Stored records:
+ + + +

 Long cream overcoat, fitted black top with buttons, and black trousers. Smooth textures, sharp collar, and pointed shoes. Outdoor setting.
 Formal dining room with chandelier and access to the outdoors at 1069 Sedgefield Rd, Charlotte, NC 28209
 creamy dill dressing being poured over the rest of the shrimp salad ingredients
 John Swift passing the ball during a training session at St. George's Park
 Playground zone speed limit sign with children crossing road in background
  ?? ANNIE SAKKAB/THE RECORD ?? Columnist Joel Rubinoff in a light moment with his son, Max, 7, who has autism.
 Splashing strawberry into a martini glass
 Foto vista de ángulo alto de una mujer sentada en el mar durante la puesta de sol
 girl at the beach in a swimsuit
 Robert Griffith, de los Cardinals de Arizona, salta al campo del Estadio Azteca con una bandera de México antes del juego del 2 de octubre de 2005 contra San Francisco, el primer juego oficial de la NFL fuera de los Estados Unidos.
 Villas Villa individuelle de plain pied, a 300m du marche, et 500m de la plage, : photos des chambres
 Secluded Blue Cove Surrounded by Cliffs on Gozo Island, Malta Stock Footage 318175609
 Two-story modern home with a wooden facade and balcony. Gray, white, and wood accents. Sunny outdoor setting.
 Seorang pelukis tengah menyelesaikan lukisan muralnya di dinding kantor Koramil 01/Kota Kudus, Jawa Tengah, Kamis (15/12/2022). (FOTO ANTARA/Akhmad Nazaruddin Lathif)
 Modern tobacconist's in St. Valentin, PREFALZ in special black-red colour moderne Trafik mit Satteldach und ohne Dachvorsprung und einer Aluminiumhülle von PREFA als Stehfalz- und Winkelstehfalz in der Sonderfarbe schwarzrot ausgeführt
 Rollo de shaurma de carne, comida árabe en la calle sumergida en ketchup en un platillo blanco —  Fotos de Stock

+ + + +

Begin with the line above that has "Playground zone speed" and continue through the line that has "girl at the beach in a swimsuit", setting each one down exactly. Stop there.

### Written solution
 Playground zone speed limit sign with children crossing road in background
  ?? ANNIE SAKKAB/THE RECORD ?? Columnist Joel Rubinoff in a light moment with his son, Max, 7, who has autism.
 Splashing strawberry into a martini glass
 Foto vista de ángulo alto de una mujer sentada en el mar durante la puesta de sol
 girl at the beach in a swimsuit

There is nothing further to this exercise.